Against all odds, Rohit's India crash and burn on the biggest stage
Weeks of hard work and gruelling efforts was undone as India lost to Australia in the World Cup final.
As the ball hung in the air for an eternity, 100,000 pairs of eyes tracked its trajectory intently. Most of them wanted it to fall out of reach, if only tantalisingly so, of the fielder who had whirled around from cover and ran a million miles – or so it seemed. Travis Head didn’t oblige, pulling off a sensational catch, falling to his front after having watched the ball over his shoulder for nearly 20 yards, bringing a hush upon the vastly populated Narendra Modi Stadium.
When the Ahmedabad crowd finally found its voice on Sunday afternoon, it only translated to gasps of disappointment, dismay and anguish. India’s awesome captain, Rohit Sharma, had just fallen after another of the blistering cameos that have been his calling card at the World Cup. Rohit breezed to 47 off 31 deliveries, providing one of his customary frenetic starts, but no one knew when he was dismissed that it would bring India’s run-making to a juddering halt.
To say that India ceded the final to Australia at that point would be a gross exaggeration, though there is no denying the fact that that was a seminal moment in the title clash. From 76 for two, when Rohit fell towards the end of the tenth over, India stuttered and stumbled and limped to 240 all out in a limp display that netted them a mere four fours in the last 40 overs.
It was a total substantially below par on a surface that didn’t possess too many demons, but which thwarted uninhibited stroke-play once the ball lost its hardness. The sluggish nature of the track made it difficult for India’s batters to impose themselves on Australia’s high-quality bowling attack, their task made even more difficult by the nagging accuracy of and relentless pressure imposed by pace and spin like, backed up by exceptional fielding with Head’s catch the standout example.
Every time India looked to get away, Australia struck back with a wicket. If it was Pat Cummins, their excellent skipper, who knocked over a free-flowing Virat Kohli, then Josh Hazlewood, who suffered the most at Rohit’s hands, got rid of Ravindra Jadeja just when the left-hander was consolidating in the company of an obdurate KL Rahul. India never found the momentum or the license to attack because they were always just one wicket away from an implosion, given the length of their tail. In the last six matches, they had ensured that the over-reliance on specialists didn’t affect them adversely but in the biggest match in the careers of most players, that came back to bite them where it hurt the most.
This wasn’t a 300-plus surface, but nor was it 240; a total in the vicinity of 275 would have given India a fighting chance, given the wicket-taking nous Jasprit Bumrah and company have shown throughout the tournament.

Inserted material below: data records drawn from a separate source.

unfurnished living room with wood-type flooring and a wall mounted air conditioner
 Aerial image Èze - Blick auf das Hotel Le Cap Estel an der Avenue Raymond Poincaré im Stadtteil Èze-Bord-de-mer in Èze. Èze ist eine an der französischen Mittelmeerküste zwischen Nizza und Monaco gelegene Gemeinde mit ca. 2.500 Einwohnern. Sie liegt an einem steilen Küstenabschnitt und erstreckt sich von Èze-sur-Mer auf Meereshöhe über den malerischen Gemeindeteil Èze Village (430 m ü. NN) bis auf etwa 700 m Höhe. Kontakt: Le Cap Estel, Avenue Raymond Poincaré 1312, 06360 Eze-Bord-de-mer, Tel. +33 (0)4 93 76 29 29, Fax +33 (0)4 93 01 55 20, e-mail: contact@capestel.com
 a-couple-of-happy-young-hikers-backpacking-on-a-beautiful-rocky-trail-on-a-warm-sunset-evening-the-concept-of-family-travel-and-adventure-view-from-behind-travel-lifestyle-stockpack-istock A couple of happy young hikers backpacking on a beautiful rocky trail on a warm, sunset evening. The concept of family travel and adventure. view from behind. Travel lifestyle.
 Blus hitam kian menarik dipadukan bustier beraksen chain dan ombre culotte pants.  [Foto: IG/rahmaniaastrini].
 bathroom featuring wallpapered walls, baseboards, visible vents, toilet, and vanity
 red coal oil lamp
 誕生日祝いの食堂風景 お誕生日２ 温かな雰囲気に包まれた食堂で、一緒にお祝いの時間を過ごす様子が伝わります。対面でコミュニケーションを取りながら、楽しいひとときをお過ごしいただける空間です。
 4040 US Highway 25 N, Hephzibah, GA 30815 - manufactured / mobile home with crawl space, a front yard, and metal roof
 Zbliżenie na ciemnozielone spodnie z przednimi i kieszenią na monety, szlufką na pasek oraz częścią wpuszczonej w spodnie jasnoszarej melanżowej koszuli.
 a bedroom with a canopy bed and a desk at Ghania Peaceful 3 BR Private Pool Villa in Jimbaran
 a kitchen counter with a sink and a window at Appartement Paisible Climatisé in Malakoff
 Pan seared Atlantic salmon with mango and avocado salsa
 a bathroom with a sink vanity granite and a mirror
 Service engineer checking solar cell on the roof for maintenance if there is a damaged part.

Even so, India fought hard at the beginning of the Aussie chase, though the usual bite and conviction was lacking from their bowling. Bumrah conceded 15 in the first over, and though Mohammed Shami dismissed David Warner in the next, he was all over the shop, the two experienced bowlers perhaps trying too hard for the wickets they knew would keep their team in the hunt.
With a bit of fortune, India reduced Australia to 47 for three, the match in the balance, when Head delivered the coup de grace. In the summer, he had decimated the Indians with a blazing 163 in the final of the World Test Championship. Another special flowed from his willow, this time at the top of the batting tree. Head was forced to miss the first five of Australia’s matches in the World Cup with a fractured left hand, but the now six-time champions were willing to wait for him to be available for action, so highly do they rate him. On his comeback, Head slotted right back in with 109 against New Zealand in Dharamsala. This time, he was even more devastating once he had steadied the ship in Marnus Labuschagne’s company, hurtling to 137 off just 120 deliveries.
The pitch did ease out under lights with the ball coming nicely on to the bat, but India were still disappointing with the ball. They hardly created a chance during the fourth-wicket stand and spinners Kuldeep Yadav and Ravindra Jadeja went wicketless in 20 overs combined, the first time since 1979 that India’s spinners didn’t pick up a wicket in a World Cup game when they had bowled more than 15 overs. It was just one in a series of things that went wrong for India; for Australia, it was another, familiar success story.